╭──

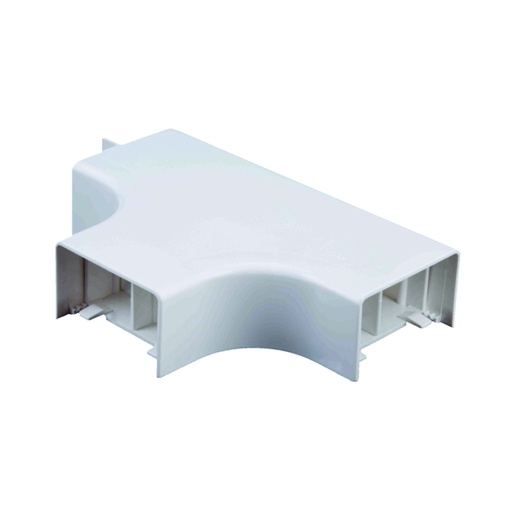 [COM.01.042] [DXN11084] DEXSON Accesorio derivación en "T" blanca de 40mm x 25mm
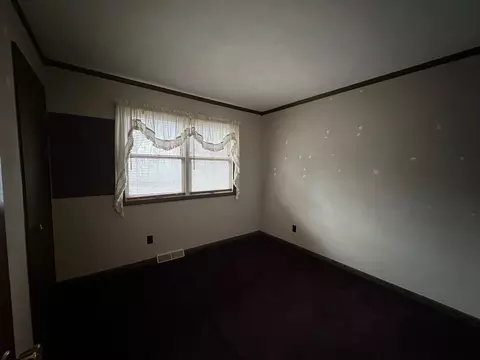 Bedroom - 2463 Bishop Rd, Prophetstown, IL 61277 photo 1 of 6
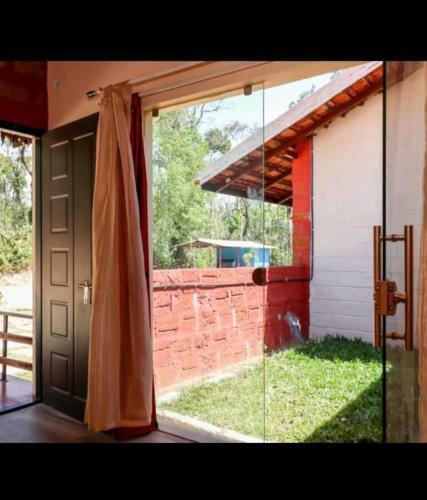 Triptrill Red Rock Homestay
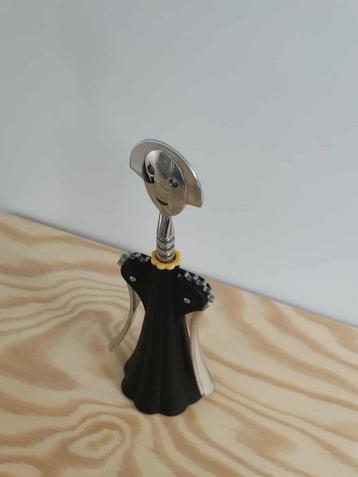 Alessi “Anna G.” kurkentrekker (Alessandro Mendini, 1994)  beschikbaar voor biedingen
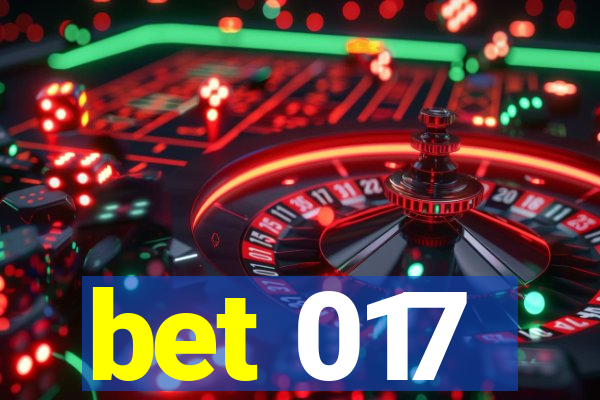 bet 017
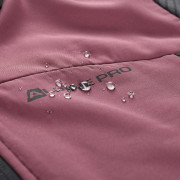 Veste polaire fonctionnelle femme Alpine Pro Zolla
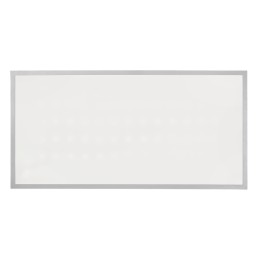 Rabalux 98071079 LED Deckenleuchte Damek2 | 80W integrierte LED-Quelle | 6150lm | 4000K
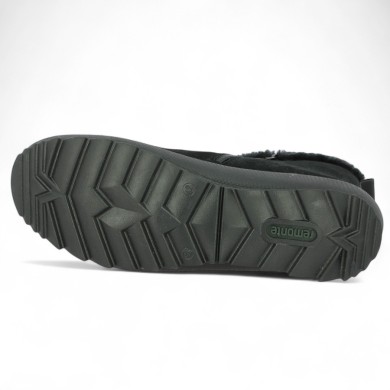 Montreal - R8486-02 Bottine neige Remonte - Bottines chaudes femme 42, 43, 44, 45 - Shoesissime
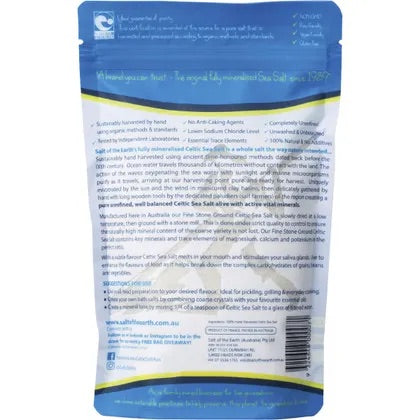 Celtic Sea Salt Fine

╰──

● YOUR INSTRUCTIONS: For this exercise, return the material word for word and drop each image.

● TASK OUTPUT:
 [COM.01.042] [DXN11084] DEXSON Accesorio derivación en "T" blanca de 40mm x 25mm
 Bedroom - 2463 Bishop Rd, Prophetstown, IL 61277 photo 1 of 6
 Triptrill Red Rock Homestay
 Alessi “Anna G.” kurkentrekker (Alessandro Mendini, 1994)  beschikbaar voor biedingen
 bet 017
 Veste polaire fonctionnelle femme Alpine Pro Zolla
 Rabalux 98071079 LED Deckenleuchte Damek2 | 80W integrierte LED-Quelle | 6150lm | 4000K
 Montreal - R8486-02 Bottine neige Remonte - Bottines chaudes femme 42, 43, 44, 45 - Shoesissime
 Celtic Sea Salt Fine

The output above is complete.